In the entire cohort, reversal drugs were used in 88 of the 114 patient encounters. Tachycardia places these patients at risk of developing TdP and ventricular arrhythmias. The administration of reversal drugs, specifically the anticholinergics atropine and glycopyrrolate with the resultant tachycardia has been shown to add to the increased risk of arrhythmias in this set of patients.25–27 In a study of healthy adult patients undergoing otolaryngological surgery, anticholinesterase/anticholinergic combinations were found to significantly prolong the QTc interval.27 Postoperative nausea and vomiting (PONV) has a significant role in postanesthesia morbidity and may result in delayed discharge, which increases cost.28 Two groups of drugs have been used as first-line therapies for prevention of PONV, namely, the antidopaminergic drug droperidol and the 5-hydroxytryptamine (HT)3 antagonist family of drugs to which the widely used ondansetron belongs. The 5-HT3 antagonist family of drugs has also been shown to prolong the QTc.29 Droperidol received a “black box” warning from the Food and Drug Administration in 2001 as case reports emerged of QT prolongation and TdP when used in high doses. After this, the 5-HT3 antagonists became the most widely used group of drugs for PONV.2 In later studies, it was found that both groups of drugs prolong the QTc and warnings against their use in patients with LQTS were issued.30,31 In our investigation, the 3 described AEs occurred in close proximity to the administration of reversal drugs, and ondansetron during the emergence phase of the anesthetic, when volatile anesthetic concentrations were quite low (<0.25 MAC). If these 88 encounters are further analyzed (Table 2), the 20 patients who received reversal drugs alone had no AEs, and the 3 AEs occurred in the group that received both reversal drugs and ondansetron. Despite the fact that patients undergoing device placement for LQTS are inherently at higher risk of a perioperative arrhythmia because of either inadequate control on medical therapy, or a more malignant form of the disease, in our study, there were no AEs in these patients from the time of induction of anesthesia through instrumentation for the device placement, despite exposure to volatile anesthesia.
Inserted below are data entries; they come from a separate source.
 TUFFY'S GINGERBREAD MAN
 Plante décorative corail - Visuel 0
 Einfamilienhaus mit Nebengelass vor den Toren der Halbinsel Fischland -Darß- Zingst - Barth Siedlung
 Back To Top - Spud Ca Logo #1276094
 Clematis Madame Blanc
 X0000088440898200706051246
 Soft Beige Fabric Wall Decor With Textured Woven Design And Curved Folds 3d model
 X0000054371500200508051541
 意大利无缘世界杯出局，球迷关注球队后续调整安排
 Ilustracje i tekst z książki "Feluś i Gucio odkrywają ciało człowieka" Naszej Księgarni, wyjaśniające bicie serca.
Our study involved retrospective data collection from computerized records of a small sample of patients with congenital LQTS. It has not been specifically designed or sufficiently powered to determine whether exposure to volatile anesthetics increases the risk of perioperative AEs in patients with congenital LQTS. The retrospective nature of the study raises the possibility of missed events, and inappropriate or inaccurate data entry. We are unable to comment on the therapeutic compliance of all of our patients who had been prescribed β-blocker therapy. It provides at best observational data on the incidence of AEs and presumed risk factors in our group of patients. The occurrence of AEs might also depend on the subtype of LQTS, which was not uniformly available.
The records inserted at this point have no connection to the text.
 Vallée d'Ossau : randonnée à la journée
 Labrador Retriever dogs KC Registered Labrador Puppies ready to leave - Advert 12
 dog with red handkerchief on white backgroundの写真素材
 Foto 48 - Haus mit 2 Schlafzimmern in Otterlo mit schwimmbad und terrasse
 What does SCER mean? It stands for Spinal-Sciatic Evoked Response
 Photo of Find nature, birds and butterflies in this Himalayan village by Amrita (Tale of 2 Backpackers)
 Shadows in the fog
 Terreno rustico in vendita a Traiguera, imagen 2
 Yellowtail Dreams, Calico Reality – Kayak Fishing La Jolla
Conclusions and Recommendations
There seems to be an increase in the observed incidence of AEs during periods of enhanced sympathetic activity, especially emergence from anesthesia conducted with volatile anesthetics in association with the use of anticholinesterase/anticholinergic drug combinations and the antiemetic ondansetron in children with congenital LQTS. This risk seems to be further enhanced if drugs that either prolong QTc or TDR or increase the incidence of tachycardia are administered at this time. Avoidance of offending drugs and intense vigilance and monitoring during this time and in the postoperative phase could help prevent occurrence or progression of AEs.
These observations support the recommendations to avoid ondansetron, especially in combination with the use of reversal drugs, in patients with LQTS. We speculate that genetic subtyping of patients with LQTS could help formulate individualized anesthetic plans for these high-risk patients. It is likely that patients with LQTS with lethal arrhythmias that can be triggered by sympathetic stimuli, anxiety, fright, and loud noise could be at a higher risk of arrhythmias at the time of emergence when all of these factors occur in concert. Additionally, drugs that are often used during emergence may act in synergy with these triggers and further prolong the QTc to precipitate a ventricular arrhythmia.
Future prospective studies are warranted in children with congenital LQTS. Our ongoing research involves investigating genetic subtyping, monitoring of ECG changes in response to exposure to frequently used drugs during anesthesia, and correlation of AEs with specific anesthetic drugs and genetic subtypes in an effort to increase understanding of anesthesia-related risks in these patients.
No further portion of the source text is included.